Oleh: @sbdrmnd
Cerita hari ini adalah cerita biasa tentang hari tuanya Sugali, orang kampung biasa memanggilnya Gali. Kek Gali. Kakekku. Lebih tepatnya kakek tiriku, dan lupakan soal gelar tiri dibelakangnya. Itu tidaklah penting.
Seperti senja kemarin, kek Gali ajak aku duduk di serambi depan. Ada tiga cangkir di atas meja yang sama tuanya dengan usia kek Gali. Satu untuknya, satu untukku (meski ia tahu, aku tak akan meminumnya) dan satu untuk lukisan perempuan cantik di sisinya. Perempuan yang menurutku aneh, terlalu bersahaja. Tanpa kalung emas menjuntai, tanpa gelang perak merambat di lingkar tangannya, tanpa gincu, bedak dan segala benda yang biasa di pakai mpok Sirem, rentenir tua di kampungku. Tidak seperti mpok Sirem yang gemar mengeksploitasi tubuhnya sendiri agar terlihat cukup, perempuan dalam lukisan itu sepertinya memang sudah cukup seperti itu. Cukup tersenyum seperti itu. Dan seperti kebanyakan lukisan lainnya, lukisan perempuan itu pun tidak minum teh. Namun tetap saja kek Gali meletakkan secangkir teh dihadapannya. Lukisan perempuan itu adalah nenekku.
Kek Gali
mengangkat secangkir teh hangat. Keriput tangannya bergetar seiring
dengan laju gelas menuju tepi bibirnya. Namun senyumnya merekah; serasa
semua melambat dan ratus-titik-kenangan muncul satu persatu.
Kek Gali
membakar rokok kreteknya, ratus-titik-kenangan itu mulai menggagahi
wajahnya. Matanya jadi terpejam. Kembali ia pada suatu masa di mana Gali
muda adalah seniman terhebat, seniman yang karyanya dibicarakan oleh
jutaan orang. Patungnya di buru seperti paus biru. Lukisannya di pajang
di istana, di kamar tidur bahkan di kamar mandi raja-raja. Siapa tak
kenal Sugali? Bahkan jika kamu bisa bertanya pada seekor semut pun,
mungkin semut akan mengenalnya. Sugali si Seniman Istana.
Pada suatu
siang, Gali muda yang ingin melukis gunung pergi ke sebuah desa. Desa
Althea. Desa terjauh dari kota, desanya para budak. Sesampainya di desa
itu, ia langsung menyewa sebuah rumah milik warga yang menghadap gunung.

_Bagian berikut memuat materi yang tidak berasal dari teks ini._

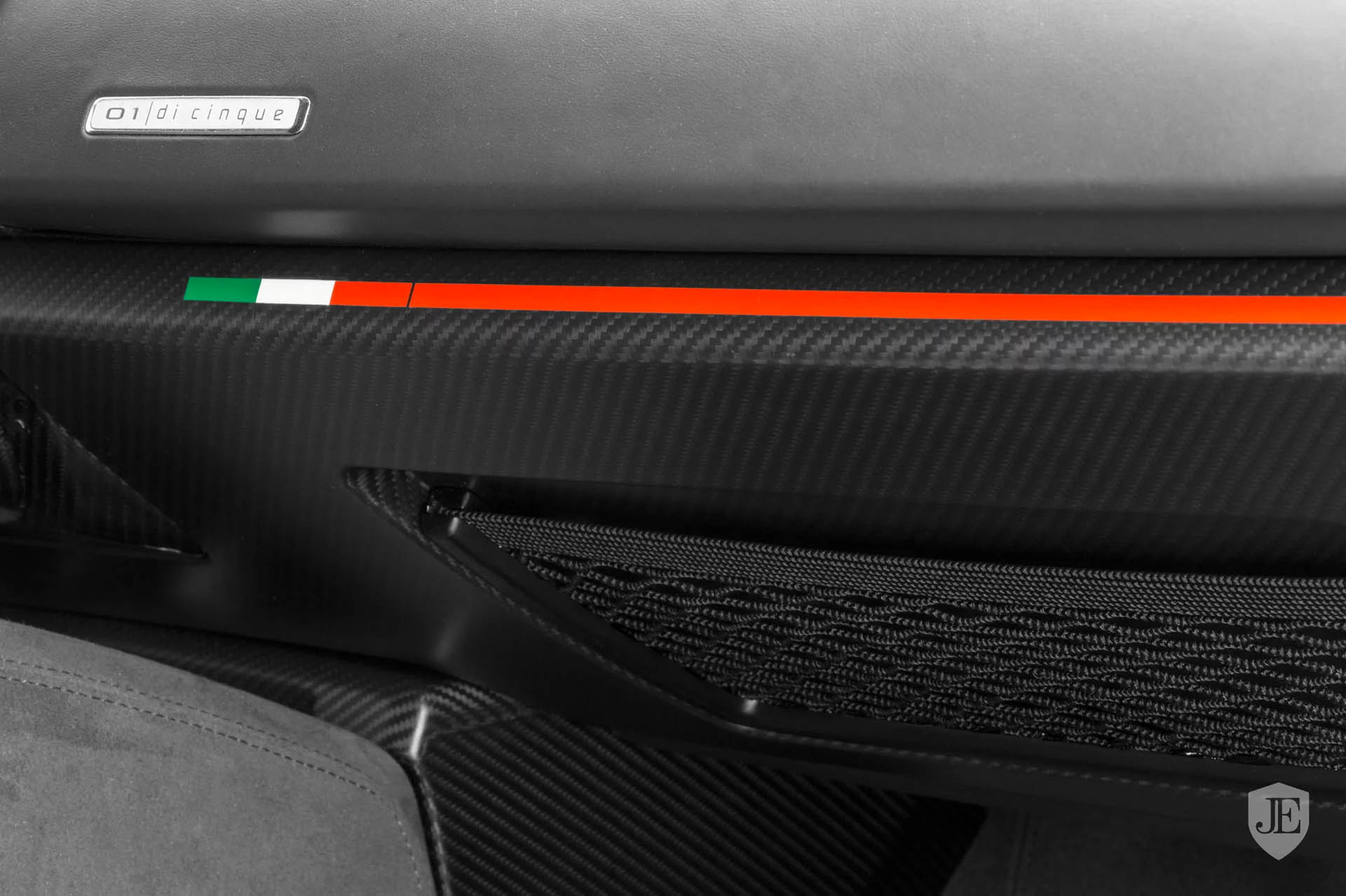 italdesign-zerouno-#1-for-sale-033 copy The First Of Only Five Italdesign Zerounos Made Is Up For Sale
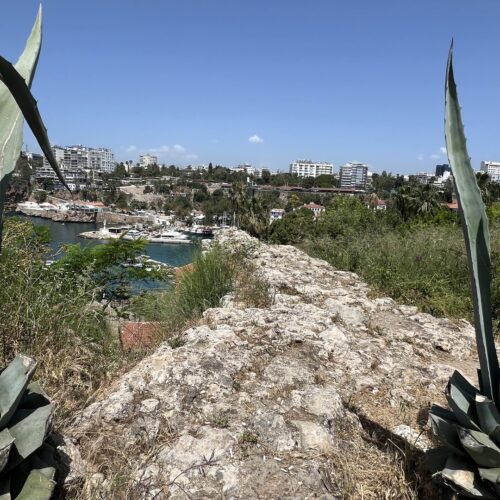 Из-Белека-—-в-Анталью-15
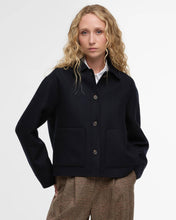 Laden Sie das Bild in den Galerie-Viewer, BARBOUR Ashdon Overshirt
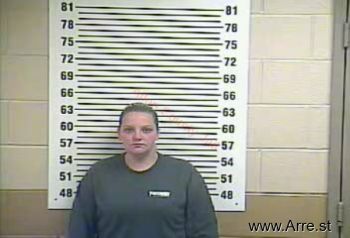 Crystal G Harris Mugshot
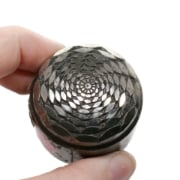 Picture of Impression Die Sparkly Pinwheel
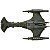 Miniatura Star Trek Online Bortasqu Flagship - Imagem 9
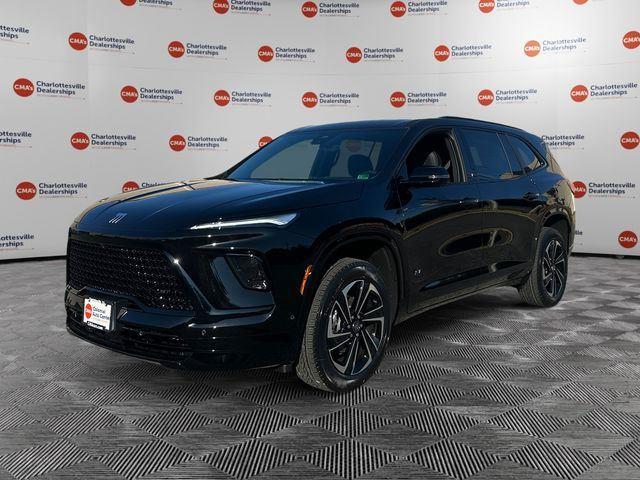 2026 Buick Enclave Sport Touring for sale in Charlottesville, VA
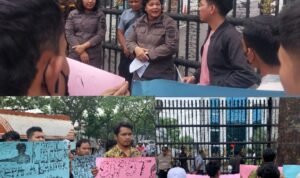 Rakorwil Kemenagsu Di Wings Hotel Medan Diduga Kuat Modus Pungli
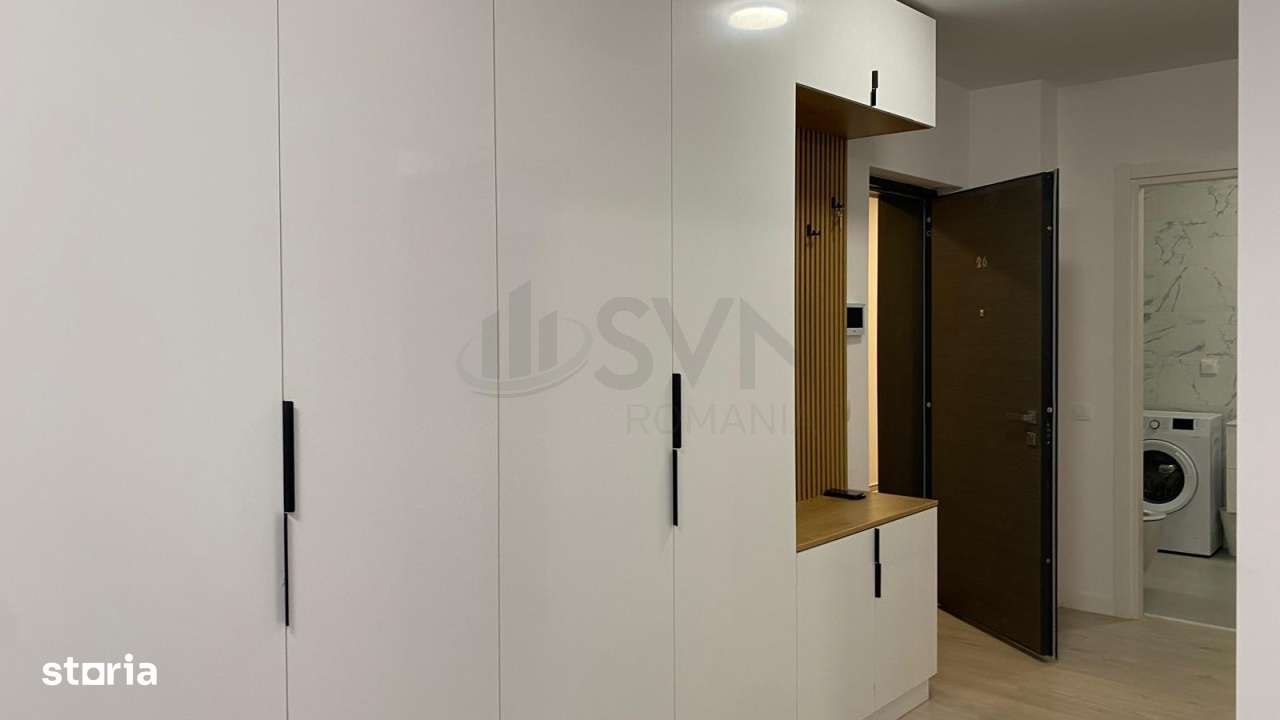 Apartament 2 camere I Greenfield Baneasa - Imagine principală: 3/15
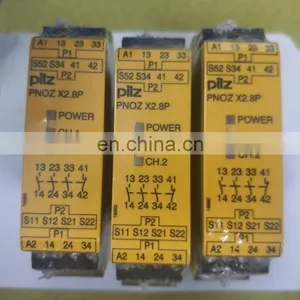 Original Relay X2.8P 24-240VAC/DC thumbnail-4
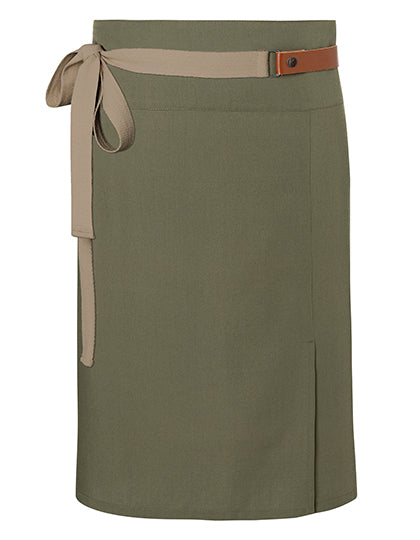 Waist Apron Green-Generation
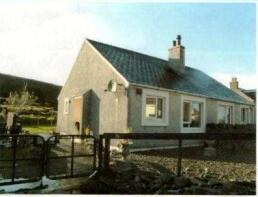 5, Grianairigh, Isle Of Harris HS3 3JA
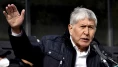 Kırgızistan’ın Eski Cumhurbaşkanı Atambayev’e 11,5 Yıl Hapis Cezası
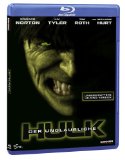 Blu-ray - Hulk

Namun hingga petang menjelang, kanvasnya masih kosong. Pandangannya
mulai lelah ketika seorang perempuan masuk membawakan secangkir teh
hangat, lengkap dengan asapnya, perempuan berusia dua puluhan itu cantik
sekali. Lebih cantik dari lukisan bidadarinya di rumah, lebih cantik
dari seluruh objek perempuan yang pernah ia lukis dijadikan satu.
Rambutnya yang kecokelatan berpadu dengan oranye senja dan seolah gunung
yang akan di belakang kehilangan makna indah.
“Maukah kamu menjadi objek lukisanku?” tawar Gali.
Perempuan itu hanya mengangguk kecil.
“Duduklah di kursi itu….” Perintahnya, perempuan itu pun menurut. Ia berjalan perlahan menuju kursi.
“Tersenyumlah!”
Nampaklah
dihadapan Gali muda, senyum terindah yang pernah ia lihat. Senyum tipis,
indah, dan misterius, seperti nebula Mata Kucing. Gali memutuskan untuk
melukis bibirnya terakhir, karena jujur saja itu bagian tersulit. Ia
mulai dari mata, menuju hidung, rambut hingga pakaiannya. Hatinya
berkata, ini akan menjadi lukisan terindah yang pernah ia buat. Sesaat
sebelum ia menggoreskan cat untuk melukis senyum perempuan itu,
perempuan itu mati. Mati tanpa sebab. Matanya terpejam. Perempuan itu
terjatuh dari kursi. Anehnya, senyum itu tak berubah. Tidak bergeser
sedikitpun. Masih sama indah ketika ia hidup. Mati, dan hanya Gali muda
yang ada di situ…
Malam kian menua. Dalam perjalanan menuju kota dengan kereta kuda, Gali muda terus mendekap lukisannya. Rahasiakan. Rahasiakan. Gumamnya pada dirinya sendiri.
Raja Hobes I
berkunjung keesokan harinya, tepat ketika Gali muda sedang mengagumi
lukisan Perempuan Tersenyum di dinding rumahnya. Tak lama kemudian Raja
Hobes I keluar lagi, membawa lukisan Perempuan Tersenyum itu.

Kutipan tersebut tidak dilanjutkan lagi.